The Kyiv Independent’s investigative documentary "Uprooted" on Russia’s abduction of Ukrainian children has won the National Investigative Journalism Competition 2023.
This is the first award of the Kyiv Independent’s War Crimes Investigations Unit, which has produced three investigations since its launch in April.
The "Uprooted" investigation, authored by journalist Olesia Bida, uncovers the inner workings of the forced deportation of thousands of Ukrainian children to Russia and the occupied territories of Ukraine.
"Do I believe it is happening to me? Of course not! I still lack words to express everything I feel," Bida wrote on Facebook. "I believe that this is just the beginning for our War Crimes Investigations Unit, and especially for bringing war criminals to justice."
The National Investigative Journalism Competition was established in 2014 by the Media Development Foundation and YanukovychLeaks, a Ukrainian initiative that has studied and published documents left by ex-president Viktor Yanukovych who fled to Russia after the EuroMaidan Revolution in 2014.
“Congratulations to the winners and finalists of the competition!
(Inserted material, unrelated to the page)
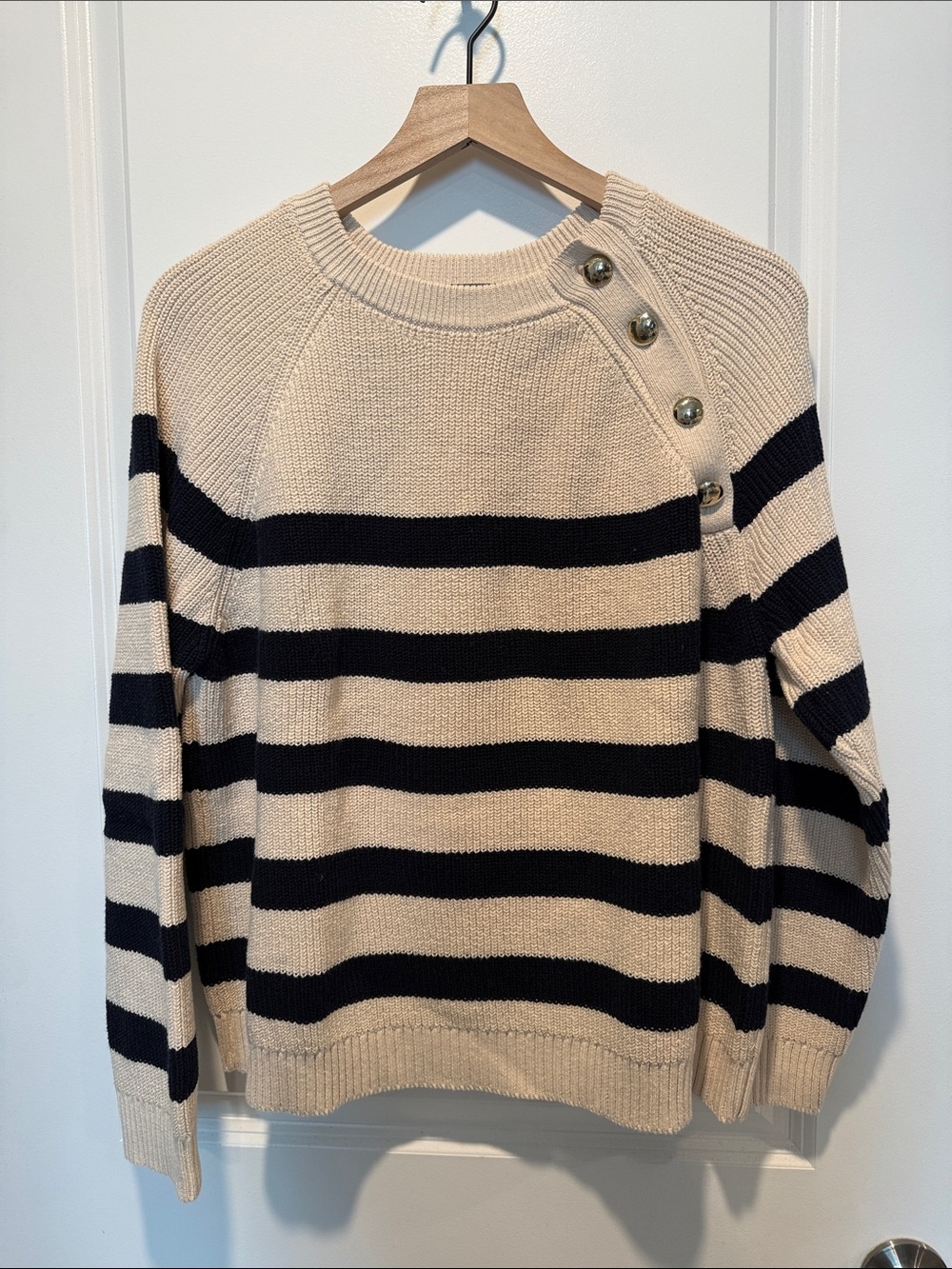 Sezane Gary Jumper Natural / Navy Size XXL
Your work now helps identify war criminals, monitor integrity in the rear, and keep society focused on rooting out corruption,” Ukraine’s Media Development Foundation, one of the award’s founders, said on Facebook.
While working on "Uprooted," the Kyiv Independent’s War Crimes Unit identified Russian-controlled officials who took part in the abduction of Ukrainian children and followed the paths of families who risked their lives to bring their children back.
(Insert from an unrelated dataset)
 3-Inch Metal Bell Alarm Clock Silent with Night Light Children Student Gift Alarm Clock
In March, the International Criminal Court (ICC) issued arrest warrants for Russian President Vladimir Putin and Maria Lvova-Belova, the Russian official allegedly overseeing the forced deportations of Ukrainian children to Russia.
The unlawful transfer or deportation of civilians to Russia violates the Fourth Geneva Convention and constitutes a war crime under international law.
Earlier this year, Lvova-Belova claimed that 700,000 Ukrainian children had been brought to Russia since the start of the full-scale invasion, including 1,500 children who lived in orphanages or state institutions.
More than 19,500 children have been identified by the Ukrainian government as having been deported and/or forcibly displaced by Russia. Almost 400 of them have been brought back to Ukraine.